** WORK ORDER **
Both the line below containing "Pre-owned Cinq À" and the line containing "Feather Quill Glyph", along with every line between them, should be repeated exactly; no other line belongs in the answer.

[[ INPUT DATA, beginning ]]

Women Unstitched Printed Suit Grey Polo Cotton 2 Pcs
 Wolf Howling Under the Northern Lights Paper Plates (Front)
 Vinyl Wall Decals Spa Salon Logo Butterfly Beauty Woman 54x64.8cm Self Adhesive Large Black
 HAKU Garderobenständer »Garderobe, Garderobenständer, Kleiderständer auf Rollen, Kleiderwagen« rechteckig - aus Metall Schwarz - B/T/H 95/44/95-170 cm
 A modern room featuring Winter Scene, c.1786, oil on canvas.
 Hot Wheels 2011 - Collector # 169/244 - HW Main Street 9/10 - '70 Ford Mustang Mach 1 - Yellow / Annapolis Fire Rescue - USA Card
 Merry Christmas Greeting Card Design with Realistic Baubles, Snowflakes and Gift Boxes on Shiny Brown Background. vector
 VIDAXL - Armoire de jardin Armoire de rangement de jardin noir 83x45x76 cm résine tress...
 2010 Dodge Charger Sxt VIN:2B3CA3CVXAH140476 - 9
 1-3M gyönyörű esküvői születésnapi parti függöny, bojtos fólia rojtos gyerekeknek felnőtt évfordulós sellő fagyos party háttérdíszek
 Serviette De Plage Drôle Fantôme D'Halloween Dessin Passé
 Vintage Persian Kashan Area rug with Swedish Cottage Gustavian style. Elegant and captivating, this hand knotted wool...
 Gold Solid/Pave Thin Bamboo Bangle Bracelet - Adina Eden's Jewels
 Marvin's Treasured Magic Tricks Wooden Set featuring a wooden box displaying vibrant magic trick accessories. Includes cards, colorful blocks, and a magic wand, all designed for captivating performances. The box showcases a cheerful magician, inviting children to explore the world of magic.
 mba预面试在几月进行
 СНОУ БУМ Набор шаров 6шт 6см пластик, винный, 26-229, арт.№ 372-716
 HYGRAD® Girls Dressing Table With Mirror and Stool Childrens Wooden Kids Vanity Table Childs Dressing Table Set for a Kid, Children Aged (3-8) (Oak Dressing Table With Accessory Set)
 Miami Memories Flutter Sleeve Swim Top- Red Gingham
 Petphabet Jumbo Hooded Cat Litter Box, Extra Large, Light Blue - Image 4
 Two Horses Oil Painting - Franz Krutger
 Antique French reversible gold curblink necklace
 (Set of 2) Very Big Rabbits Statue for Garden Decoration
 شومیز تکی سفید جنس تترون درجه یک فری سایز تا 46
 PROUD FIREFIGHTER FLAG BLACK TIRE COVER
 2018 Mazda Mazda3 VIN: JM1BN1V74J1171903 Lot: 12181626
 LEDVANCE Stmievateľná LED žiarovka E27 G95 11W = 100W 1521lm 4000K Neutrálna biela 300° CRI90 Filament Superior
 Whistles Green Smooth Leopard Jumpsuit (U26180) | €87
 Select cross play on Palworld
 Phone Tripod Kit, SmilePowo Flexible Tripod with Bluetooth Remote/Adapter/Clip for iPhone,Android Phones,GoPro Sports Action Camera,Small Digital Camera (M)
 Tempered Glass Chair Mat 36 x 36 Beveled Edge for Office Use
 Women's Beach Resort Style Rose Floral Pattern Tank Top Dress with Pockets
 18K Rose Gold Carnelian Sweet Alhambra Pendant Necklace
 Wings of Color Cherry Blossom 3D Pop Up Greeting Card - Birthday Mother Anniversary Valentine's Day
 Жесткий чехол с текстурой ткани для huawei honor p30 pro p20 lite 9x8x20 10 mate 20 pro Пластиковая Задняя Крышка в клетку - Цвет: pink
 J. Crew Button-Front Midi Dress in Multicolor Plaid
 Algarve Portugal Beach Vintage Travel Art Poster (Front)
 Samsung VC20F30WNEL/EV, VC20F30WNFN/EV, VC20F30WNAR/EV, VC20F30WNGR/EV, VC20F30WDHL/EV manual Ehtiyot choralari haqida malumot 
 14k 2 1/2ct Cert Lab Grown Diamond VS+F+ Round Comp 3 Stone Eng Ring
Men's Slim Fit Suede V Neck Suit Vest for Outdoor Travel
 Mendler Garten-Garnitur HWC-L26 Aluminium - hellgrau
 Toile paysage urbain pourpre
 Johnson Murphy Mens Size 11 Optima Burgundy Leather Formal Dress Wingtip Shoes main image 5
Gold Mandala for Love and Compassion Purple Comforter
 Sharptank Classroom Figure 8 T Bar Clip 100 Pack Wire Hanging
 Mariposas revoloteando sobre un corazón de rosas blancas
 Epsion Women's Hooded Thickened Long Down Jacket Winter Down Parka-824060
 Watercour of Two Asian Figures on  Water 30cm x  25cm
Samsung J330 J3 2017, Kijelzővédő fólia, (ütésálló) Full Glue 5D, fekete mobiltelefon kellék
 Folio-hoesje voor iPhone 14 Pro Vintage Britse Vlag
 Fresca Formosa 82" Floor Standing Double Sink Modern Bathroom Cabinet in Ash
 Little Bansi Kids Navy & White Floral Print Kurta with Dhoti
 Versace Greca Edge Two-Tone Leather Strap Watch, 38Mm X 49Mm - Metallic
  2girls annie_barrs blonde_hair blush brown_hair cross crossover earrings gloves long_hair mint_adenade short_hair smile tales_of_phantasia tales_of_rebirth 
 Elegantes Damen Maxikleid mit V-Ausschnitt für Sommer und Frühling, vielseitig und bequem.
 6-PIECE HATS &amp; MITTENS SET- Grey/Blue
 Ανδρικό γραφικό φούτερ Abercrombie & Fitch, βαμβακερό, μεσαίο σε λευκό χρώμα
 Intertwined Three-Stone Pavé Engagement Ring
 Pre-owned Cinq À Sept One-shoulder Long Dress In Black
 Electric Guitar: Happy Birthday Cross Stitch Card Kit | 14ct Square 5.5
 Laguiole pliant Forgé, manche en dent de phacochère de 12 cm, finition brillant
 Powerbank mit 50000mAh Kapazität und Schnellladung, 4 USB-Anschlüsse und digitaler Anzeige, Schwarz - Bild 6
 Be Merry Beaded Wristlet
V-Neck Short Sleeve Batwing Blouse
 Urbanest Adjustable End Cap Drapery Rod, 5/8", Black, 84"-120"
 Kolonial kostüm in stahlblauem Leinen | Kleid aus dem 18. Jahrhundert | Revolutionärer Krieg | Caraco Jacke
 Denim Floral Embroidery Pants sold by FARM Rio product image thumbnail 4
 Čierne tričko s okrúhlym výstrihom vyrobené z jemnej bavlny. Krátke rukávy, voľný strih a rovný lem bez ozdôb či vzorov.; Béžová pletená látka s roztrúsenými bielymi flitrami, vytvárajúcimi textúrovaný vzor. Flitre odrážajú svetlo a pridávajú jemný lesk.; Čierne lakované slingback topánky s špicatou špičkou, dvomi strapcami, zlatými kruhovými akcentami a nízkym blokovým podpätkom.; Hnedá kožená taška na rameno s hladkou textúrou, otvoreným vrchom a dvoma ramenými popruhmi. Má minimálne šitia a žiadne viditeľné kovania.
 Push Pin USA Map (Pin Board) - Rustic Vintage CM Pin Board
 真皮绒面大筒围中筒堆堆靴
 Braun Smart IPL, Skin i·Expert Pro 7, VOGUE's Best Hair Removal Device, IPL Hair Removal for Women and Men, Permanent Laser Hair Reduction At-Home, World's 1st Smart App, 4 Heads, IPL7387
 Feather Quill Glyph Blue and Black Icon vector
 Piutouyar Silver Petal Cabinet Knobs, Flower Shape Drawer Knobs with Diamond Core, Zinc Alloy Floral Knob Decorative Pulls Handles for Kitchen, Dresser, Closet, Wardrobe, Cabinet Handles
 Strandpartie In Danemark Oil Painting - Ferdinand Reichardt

[[ INPUT DATA, end ]]

** SOLUTION FOR THIS EXERCISE **
 Pre-owned Cinq À Sept One-shoulder Long Dress In Black
 Electric Guitar: Happy Birthday Cross Stitch Card Kit | 14ct Square 5.5
 Laguiole pliant Forgé, manche en dent de phacochère de 12 cm, finition brillant
 Powerbank mit 50000mAh Kapazität und Schnellladung, 4 USB-Anschlüsse und digitaler Anzeige, Schwarz - Bild 6
 Be Merry Beaded Wristlet
V-Neck Short Sleeve Batwing Blouse
 Urbanest Adjustable End Cap Drapery Rod, 5/8", Black, 84"-120"
 Kolonial kostüm in stahlblauem Leinen | Kleid aus dem 18. Jahrhundert | Revolutionärer Krieg | Caraco Jacke
 Denim Floral Embroidery Pants sold by FARM Rio product image thumbnail 4
 Čierne tričko s okrúhlym výstrihom vyrobené z jemnej bavlny. Krátke rukávy, voľný strih a rovný lem bez ozdôb či vzorov.; Béžová pletená látka s roztrúsenými bielymi flitrami, vytvárajúcimi textúrovaný vzor. Flitre odrážajú svetlo a pridávajú jemný lesk.; Čierne lakované slingback topánky s špicatou špičkou, dvomi strapcami, zlatými kruhovými akcentami a nízkym blokovým podpätkom.; Hnedá kožená taška na rameno s hladkou textúrou, otvoreným vrchom a dvoma ramenými popruhmi. Má minimálne šitia a žiadne viditeľné kovania.
 Push Pin USA Map (Pin Board) - Rustic Vintage CM Pin Board
 真皮绒面大筒围中筒堆堆靴
 Braun Smart IPL, Skin i·Expert Pro 7, VOGUE's Best Hair Removal Device, IPL Hair Removal for Women and Men, Permanent Laser Hair Reduction At-Home, World's 1st Smart App, 4 Heads, IPL7387
 Feather Quill Glyph Blue and Black Icon vector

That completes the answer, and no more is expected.